June is Recreation and Parks Month (JRPM) recognizes the importance of recreation and parks to the wellbeing of our communities. There are a number of special days in June, which provide the perfect opportunity to celebrate the many benefits of recreation and parks, including National Health and Fitness Day (June 1) and Inuvialuit Day (June 5). In celebration of JRPM, the NWTRPA is excited to share this feature post in recognition of Intergenerational Day (June 1). 

How does Intergenerational Day relate to Recreation and Parks Month?  Recreation and Parks Month is all about getting outside into the fresh air and embracing the sunny days and long evenings that are bestowed upon us lucky northerners. 

The Canadian Network for the Prevention of Elder Abuse says that Intergenerational Day was born in 2010 as a reminder to “us all of the importance of respectful connecting between generations to help break through social isolation, build resiliency, community safety and greater understanding across age groups, all of which are also key to preventing elder abuse.” What better way to do this than through getting together and enjoying some activities outside?  Another benefit of our long summer days is that getting around is easier for older adults and Elders who may normally struggle with ice and snow.

At the NWTRPA, we like to challenge everyone about what “recreation” means to them.  In the past, people often related it to organized sport, spending time in a park, or going camping.  It is important to us that people expand their definition of recreation to include on the land activities, traditional games and pastimes, walking, exploring trails, harvesting food, card nights, meal prep sessions, craft programs, and more.  The more open we are to different recreation ideas, the easier it becomes to integrate people of all ages.  The NWTRPA’s programs like Generations on the Move and Elders in Motion promote healthy, active aging that’s fun and engaging.

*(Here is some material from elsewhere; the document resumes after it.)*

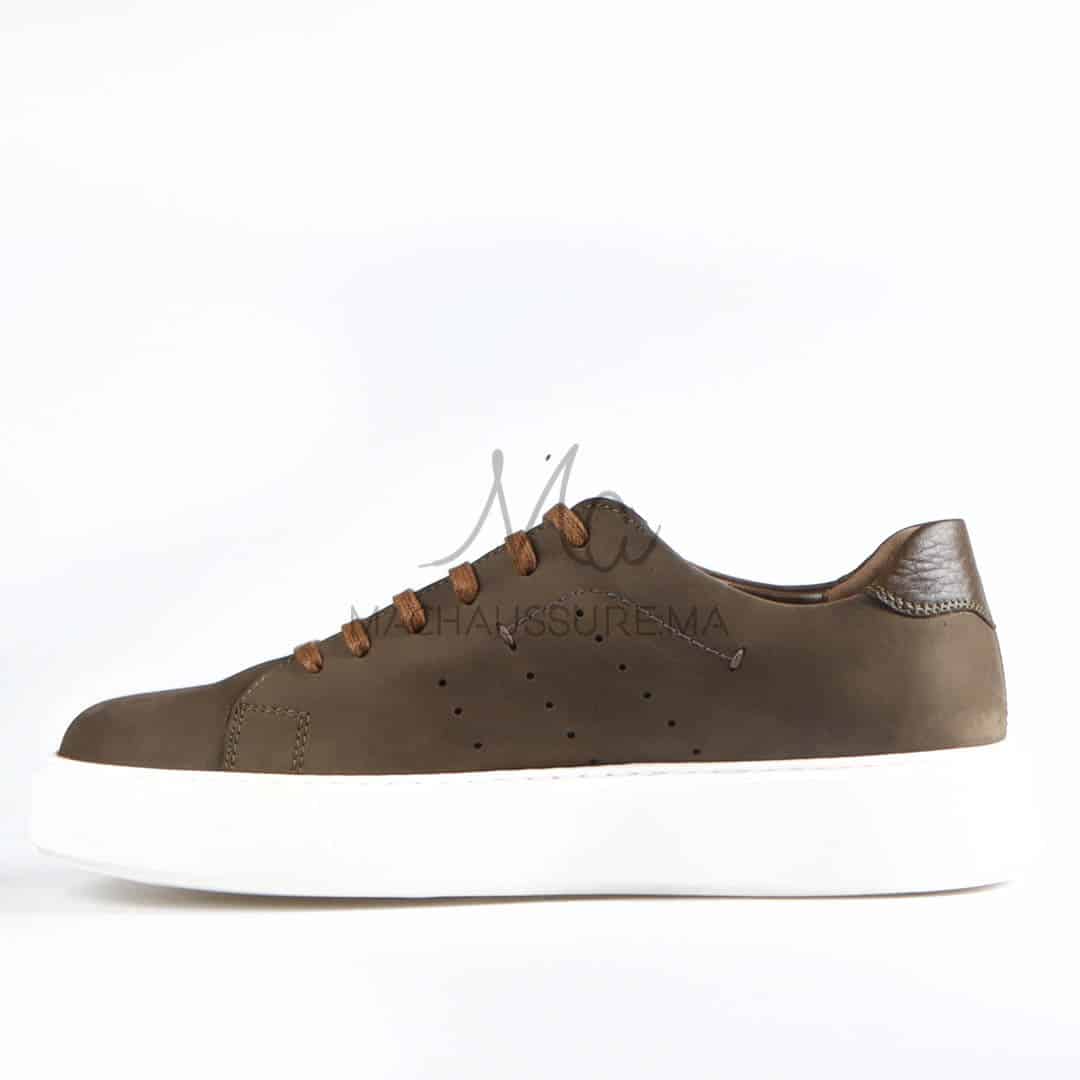 Renato - Baskets Hommes 100% Cuir en Vert.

Some of the benefits to intergenerational activities are obvious, like bringing together people of all ages that may not normally get to spend time together.  But it’s also an opportunity to share stories, teach language, celebrate culture, learn something new, be more active and bring a greater sense of responsibility to the people in our lives.  By spending time with people of different ages, it helps us to see things in a different way and feel more compassion for people outside of our own age group.